I am a voracious reader. I can devour a book in a few hours. The German says that it is like crack or something for me. He is not completely wrong. When I need to make a decision about something, I always try to be as informed as possible. This leads to even more reading.
When I found out that I was pregnant, I immediately started reading pregnancy books. But about a month ago, I realized that, “I don’t know nothin’ ‘bout birthin’ no babies.”
Oh sure, I have a general idea about the birth process. But I need details, stages of labor, what is going to happen at every minute. Also, I believe that knowledge is a powerful weapon against fear, which often makes birth more painful.
What I have been reading is a bit . . . scary. My fear of child birth has been quelled a little bit, but I have to say that I am not opposed to drugs (i.e. pain relievers) during the birthing process.

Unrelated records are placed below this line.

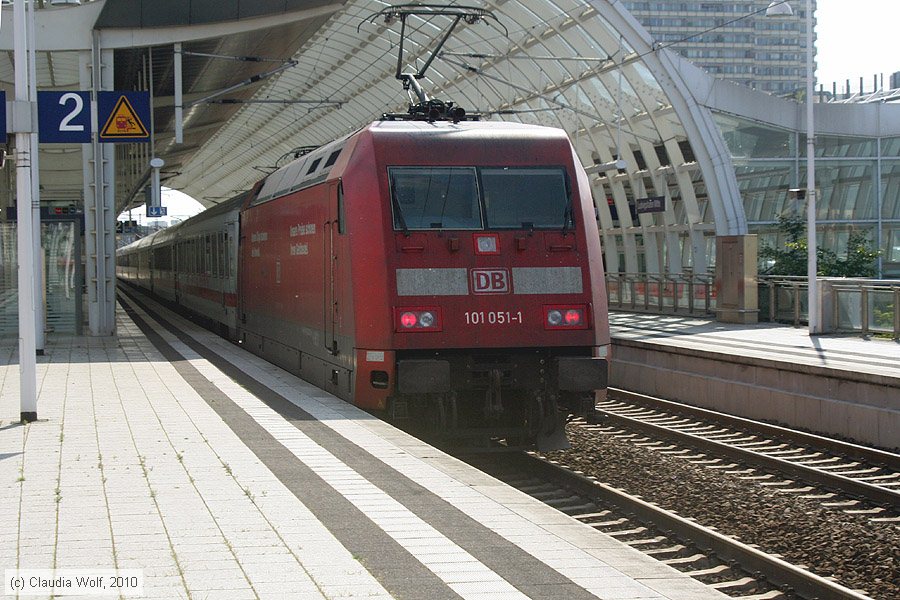 Deutsche Bahn - 101051-1
/ Bild: db1010511_cw1005210089.jpg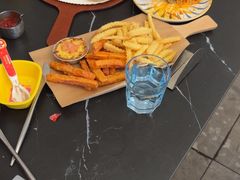 -必胜客(石佛营店)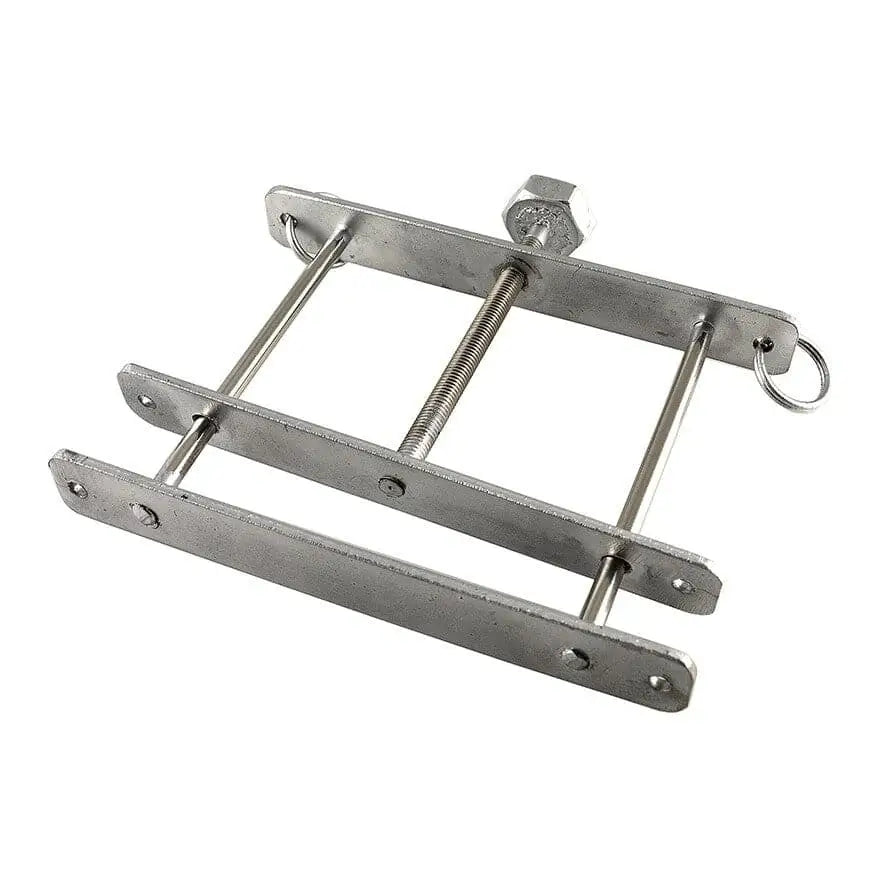 Metal Penis and Ball Crusher - Save 25% - and - Fast Shipping - Sale United Kingdom Stoke-on-trent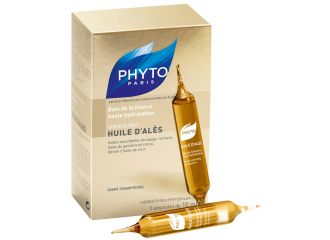 Phyto huile capelli 5f.10ml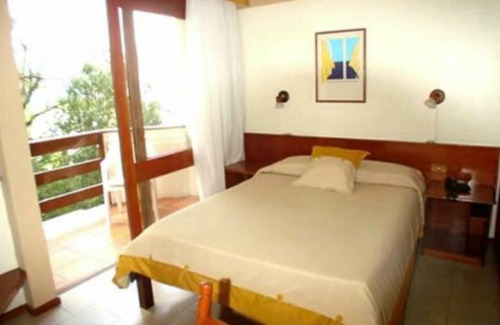 Planalto Apartamento | Apto Pousada do Serrano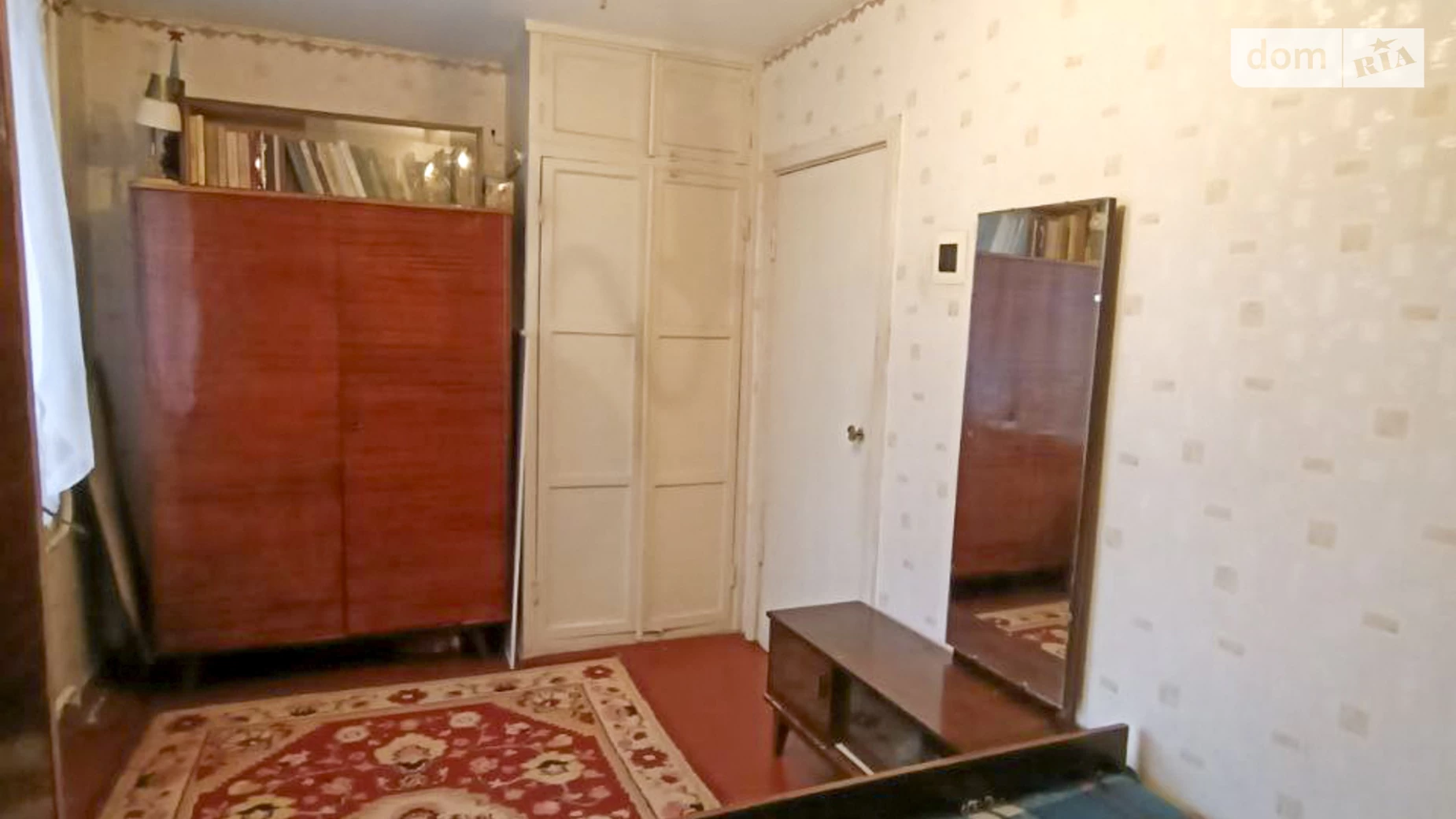 Продается 2-комнатная квартира 41.1 кв. м в Кривом Роге, ул. Григория Синицы(Светлова), 3 - фото 5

The German objected to this when we discussed it a few months ago.
German: Honey, I think that it may interfere in your bonding process with baby.
Claire: Sweetie, are you going to be pushing something the size of a watermelon out of a hole the size of a lemon?
German: Well, no.
Claire: Then you don’t get a vote.
After relaying this anecdote to a German woman, she looked at me with disappointment and shame. “You cannot be serious! Why would you use pain relievers?” She shamed me. She made me feel like a crack whore. It was my first interaction with a Super-mom.
Super-moms do not need epidurals. They make organic baby food. They take their kids to “Mommy and Me” and know about all the latest research in childhood development. They are also very opinionated and not afraid to share their opinions. I have noticed this on some “mommy blogs.”
It never ceases to amaze me how vicious some people can be in their comments. Some of these moms will take another woman apart over things like breastfeeding or sleeping patterns. I thought women should support each other and offer helpful advice. Being pushy and condescending is not helpful.
I am probably not going to be a Super-mom. I have decided to take the epidural if needed. I probably will not make my own baby food. And you know what? As some of my books say, that is okay. In the end parenting and motherhood are very personal experiences. Each mother must find her own way through this labyrinth. Unfortunately babies do not come with a manual. Trust me, I have been looking. Thoughtful advice is welcome . . . just don’t get pushy.